Padecemos de un liderazgo pragmático, con formación académica desprovista de comprensión del país, esposado a su fracaso por no reconocer sus errores y cegado por el espejismo de que Miraflores está a la vuelta de un ahora sí.
Pierde realidad porque vive en el exilio, sea geográfico o vivencial.
Ese liderazgo, que carga con su saco de fracasos, se sostiene aún en la esplendorosa victoria en las elecciones del 2015.
La solución no consiste en sustituirlo ya, porque no es afortunado cambiar al timonel antes de un evento que el régimen diseñó para encerrar con varias llaves a la sociedad y asegurar una larga duración a su control opresivo.
Lo que el país se juega en las elecciones próximas no es mantener un gobernador o preservar una esquinita en la vitrina de las 335 Alcaldía. Su opción de fondo es elegir entre la transición al totalitarismo o la reorganización de las fuerzas que todavía pudieran contener la destructiva involución que nos impone el gobierno.
Ante esta disyuntiva existencial hay que romper con la estrategia minada por su falta de logros y presionar a los dirigentes partidistas que, como Henry Ramos o Capriles, pueden dejar “la costumbre de las certidumbres militantes” que en palabras de Bertrand Russel indica el triunfo de la inercia y el riesgo de recaer en rutas que nos conducen a ninguna parte.
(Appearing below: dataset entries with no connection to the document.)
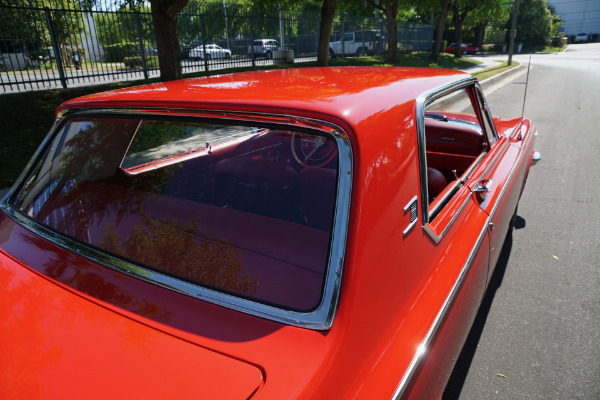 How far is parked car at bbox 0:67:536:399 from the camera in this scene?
38.4 inches

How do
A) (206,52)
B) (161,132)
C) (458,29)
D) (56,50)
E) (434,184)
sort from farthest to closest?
1. (458,29)
2. (206,52)
3. (56,50)
4. (434,184)
5. (161,132)

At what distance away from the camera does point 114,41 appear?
11.1 meters

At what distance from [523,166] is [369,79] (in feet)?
6.46

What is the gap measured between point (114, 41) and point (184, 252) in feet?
38.8

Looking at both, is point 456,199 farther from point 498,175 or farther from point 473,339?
point 473,339

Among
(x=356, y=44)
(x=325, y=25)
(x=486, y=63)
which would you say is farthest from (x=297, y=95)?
(x=486, y=63)

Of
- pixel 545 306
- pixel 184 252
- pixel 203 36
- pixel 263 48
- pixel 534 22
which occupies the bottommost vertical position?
pixel 545 306

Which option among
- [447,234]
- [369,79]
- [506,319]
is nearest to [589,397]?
[506,319]

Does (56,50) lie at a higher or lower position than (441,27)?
lower

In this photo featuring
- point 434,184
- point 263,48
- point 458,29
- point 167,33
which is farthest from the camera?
point 458,29

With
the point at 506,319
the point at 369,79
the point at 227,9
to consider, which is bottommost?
the point at 506,319

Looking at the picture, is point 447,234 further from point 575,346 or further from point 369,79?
point 575,346

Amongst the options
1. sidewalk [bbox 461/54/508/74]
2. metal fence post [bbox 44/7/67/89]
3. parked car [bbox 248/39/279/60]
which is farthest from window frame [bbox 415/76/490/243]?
sidewalk [bbox 461/54/508/74]

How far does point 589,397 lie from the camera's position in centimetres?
202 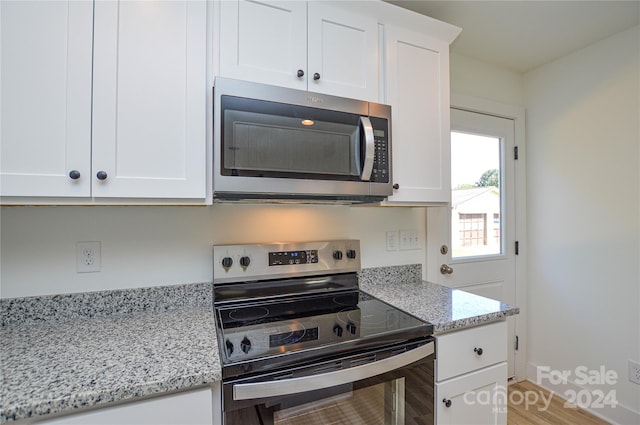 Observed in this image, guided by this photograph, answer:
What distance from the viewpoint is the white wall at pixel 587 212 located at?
184 centimetres

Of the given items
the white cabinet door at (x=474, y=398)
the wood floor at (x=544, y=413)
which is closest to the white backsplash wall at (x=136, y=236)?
the white cabinet door at (x=474, y=398)

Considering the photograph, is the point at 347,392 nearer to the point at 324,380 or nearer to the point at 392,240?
the point at 324,380

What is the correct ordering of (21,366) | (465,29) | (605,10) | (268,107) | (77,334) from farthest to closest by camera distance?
(465,29) → (605,10) → (268,107) → (77,334) → (21,366)

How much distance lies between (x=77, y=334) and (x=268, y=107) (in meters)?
1.02

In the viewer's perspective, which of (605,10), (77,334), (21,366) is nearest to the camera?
(21,366)

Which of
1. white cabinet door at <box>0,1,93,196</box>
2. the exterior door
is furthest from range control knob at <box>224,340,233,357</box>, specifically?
the exterior door

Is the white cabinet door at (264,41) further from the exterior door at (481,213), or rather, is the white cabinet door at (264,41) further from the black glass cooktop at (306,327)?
the exterior door at (481,213)

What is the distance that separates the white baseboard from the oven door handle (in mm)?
1717

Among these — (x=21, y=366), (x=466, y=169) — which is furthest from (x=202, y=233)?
(x=466, y=169)

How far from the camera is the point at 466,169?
2.20 metres

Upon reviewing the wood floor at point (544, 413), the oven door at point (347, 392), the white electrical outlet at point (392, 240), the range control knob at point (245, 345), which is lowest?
the wood floor at point (544, 413)

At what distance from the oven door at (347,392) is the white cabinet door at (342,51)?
1.05 metres

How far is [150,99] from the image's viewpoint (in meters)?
1.07

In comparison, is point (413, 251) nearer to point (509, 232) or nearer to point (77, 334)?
point (509, 232)
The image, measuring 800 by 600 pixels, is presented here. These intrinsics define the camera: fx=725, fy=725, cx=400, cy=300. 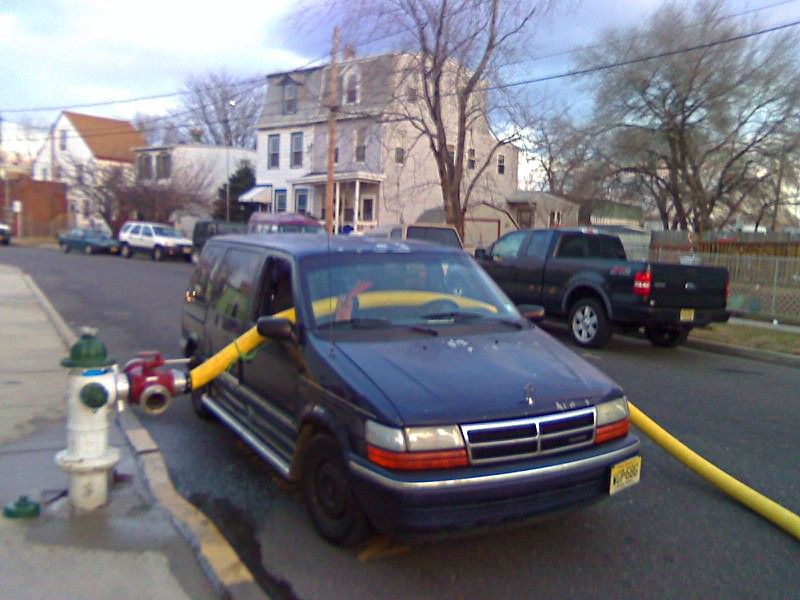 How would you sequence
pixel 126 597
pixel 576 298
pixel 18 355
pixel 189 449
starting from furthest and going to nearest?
1. pixel 576 298
2. pixel 18 355
3. pixel 189 449
4. pixel 126 597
El régimen tiene ganada la batalla cuando más de la mitad del país rechaza a los dirigentes opositores y cae hacia cero la identificación con los partidos de una oposición irrealmente existente. Si a la falta de credibilidad sumamos la pérdida de la esperanza, Maduro habrá ganado la guerra y por tiempo, todas las partes de la oposición se harán funcionales a la perpetuación del régimen.
Mientras siga el debate sin ideas y la saña por encarnar a Caín, será imposible la unidad opositora y el entendimiento nacional para enfrentar la pandemia o la construcción de mejores garantías para participar en los procesos electorales. ¿Después de ser degollados por nuestros errores, tendrá sentido averiguar si el responsable fue el G4 o la mesita?
Hay que rescatar la esperanza porque solo con ella emergerán los nuevos venezolanos, desde los partidos y desde organizaciones no partidistas, que afinquen la política en el sentido común. Es decir, en la vida de la gente y el destino del país.